5 min read 

Like it or not, trading is risky. However, depending on the trading strategies, knowledge and experience, one can manage losses. Let’s look at the steps one may take to come up with an effective risk management approach.

Study the market

An important factor that leads to losses is lack of knowledge. Professional and experienced traders do not usually rush into trading before thinking their strategy through and they do not rely on luck. It is very important to study the market and understand the trend. Simple guessing is not a valid strategy and it may do you more harm in the end.

Fundamental analysis can be a powerful tool and a key to get a better understanding of the market conditions. Though it may sound complicated, in reality it does not have to be so. For example, many traders might start small and concentrate on a certain market in which they are most interested in (e.g. if someone is into technology and gadgets in daily life, they might enjoy trading stocks of IT companies).

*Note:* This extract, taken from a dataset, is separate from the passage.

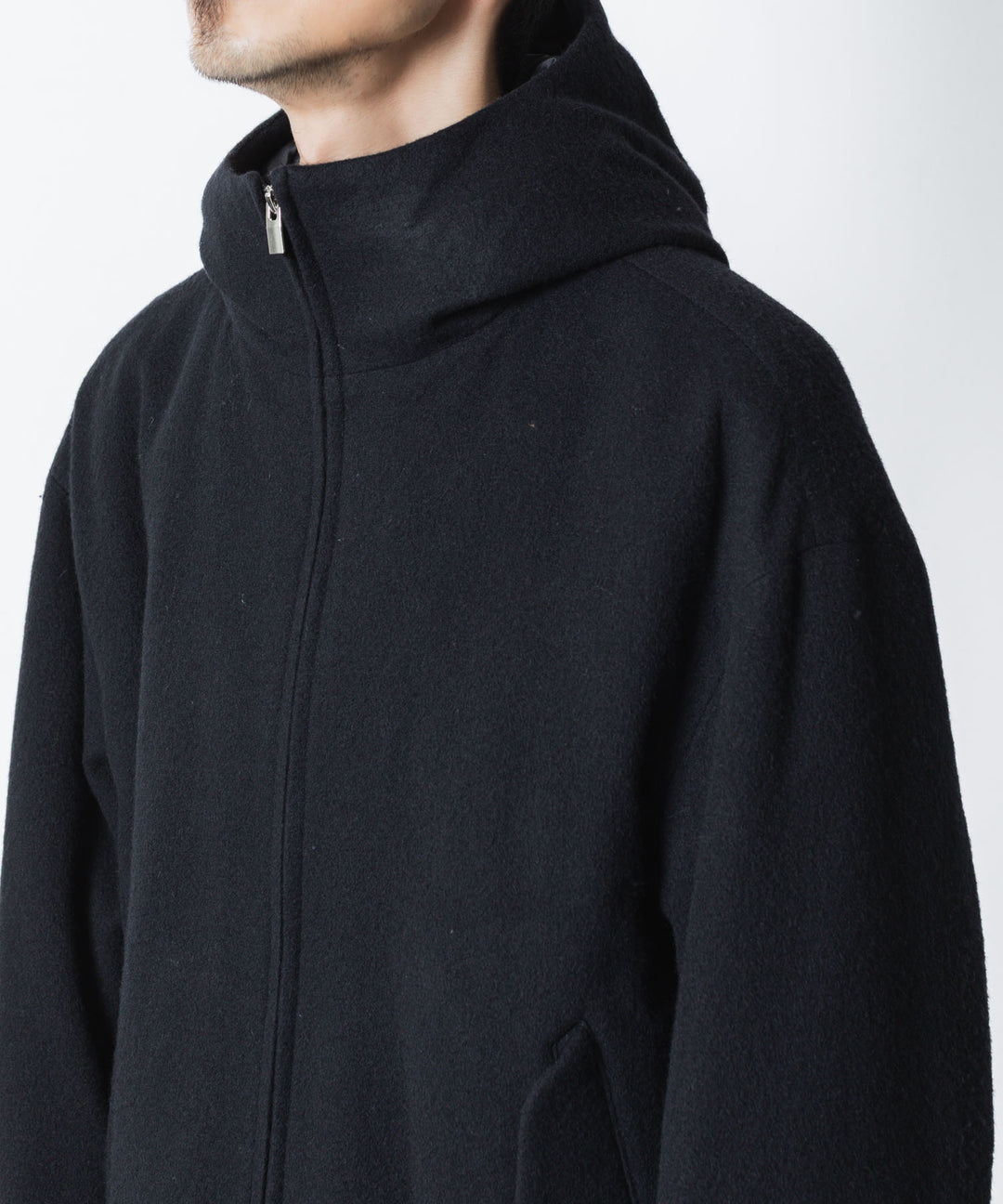 ATTACHMENT アタッチメントのWOOL SHAGGY PADDING HOODED JACKET - BLACKの公式通販サイトsession福岡セレクトショップ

Technical analysis is just as important and beneficial. You may use indicators that our platform offers in order to evaluate the assets. There is plenty of information about indicators that you can check out in the Trading tips section of our blog.

Develop a trading plan

A hectic approach to trading is another major reason for losses. Selling with a small profit only to see the asset rise even higher? Hoping that the price will reverse and keeping a deal in loss, only to see it loose even more? These are the things that a trading plan helps to control and prevent. If mapped out properly, it may partially take away the pressure of uncertainty and stop you from panicking.

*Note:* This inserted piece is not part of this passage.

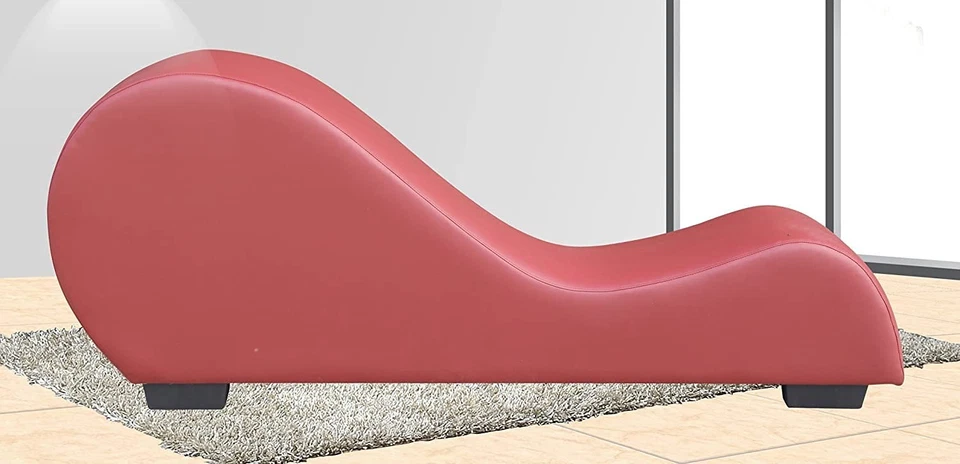 Chaise Lounge Collection for Stretching & Relaxation Modern Faux Leather Curv... - Image 3 of 3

Plan out the investments you are going to make, set your limits and think your budget through. How much can you afford to lose if things go wrong? What are your expected returns? Think about the instruments you will be trading and the exit points for your deals. Manage your risks by scheming every step of your trading activity. Being organized pays off in any endeavor, trading is not an exception.

Control your emotions

Do not underestimate the power of your emotions: they can interfere and seriously affect your trading strategy and, consequently, the results of the deals. Anger can make you start acting irrationally.

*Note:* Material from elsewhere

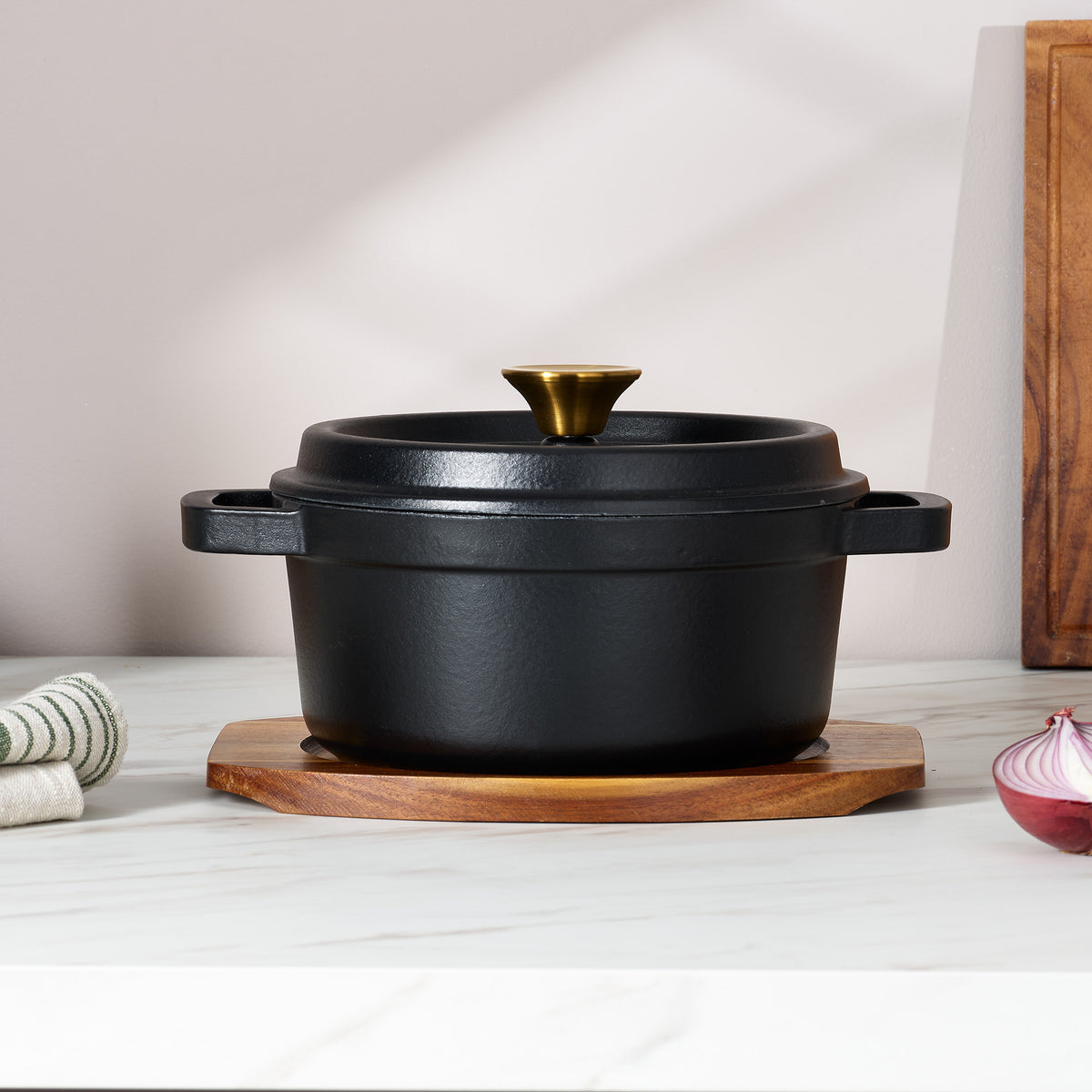 Matt Tebbutt 26cm Matte Black Cast Iron Casserole Dish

It may be hard to accept that losses are a part of the trading journey, but it is necessary in order to move forward. Traders go through five stages when it comes to this simple fact: denial, anger, bargaining, depression and, finally, acceptance. Quite often, it means losing money on the way to this realization. Knowing how to avoid this spectrum of emotions and retain composure may help you concentrate on your plan and follow it closely.

It is worth mentioning that owning your emotions is just as important after successful deals as much as after losing deals. It is very important to focus on the trading plan and not get carried away.


Taking your time to map out a risk management strategy is beneficial to traders of any level of experience. A written down plan might help you get in the right mindset, strategize and prioritize your actions as well as manage your losses.